=== Begin Enclosure ===

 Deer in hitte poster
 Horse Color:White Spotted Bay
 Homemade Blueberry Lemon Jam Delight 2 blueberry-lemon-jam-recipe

=== End Enclosure ===
=== Begin Enclosure ===

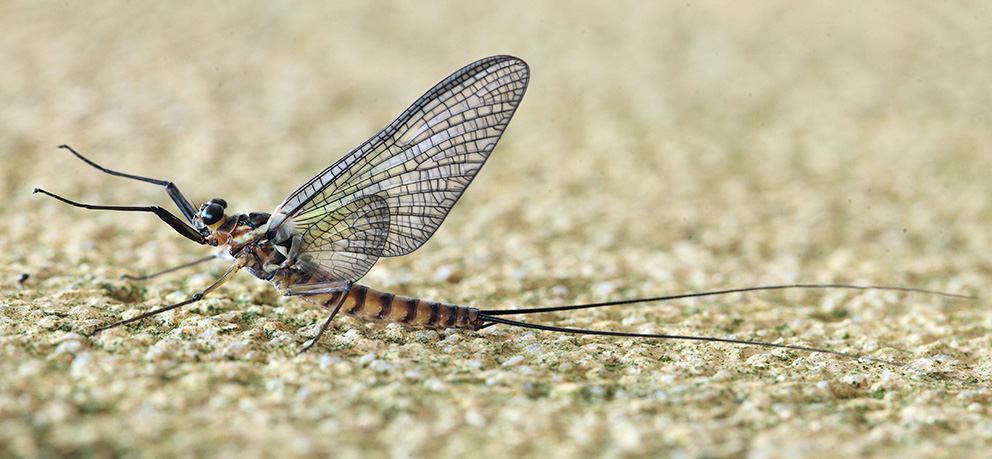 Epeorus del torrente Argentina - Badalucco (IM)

=== End Enclosure ===
=== Begin Enclosure ===

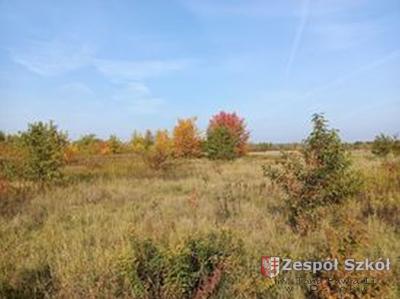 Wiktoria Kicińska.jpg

=== End Enclosure ===

» Problem statement: Of all the entries above, repeat only the lines from the line that has "Deer in hitte poster" to the line that has "Homemade Blueberry Lemon", both lines included, exactly.

» Answer for this exercise:
 Deer in hitte poster
 Horse Color:White Spotted Bay
 Homemade Blueberry Lemon Jam Delight 2 blueberry-lemon-jam-recipe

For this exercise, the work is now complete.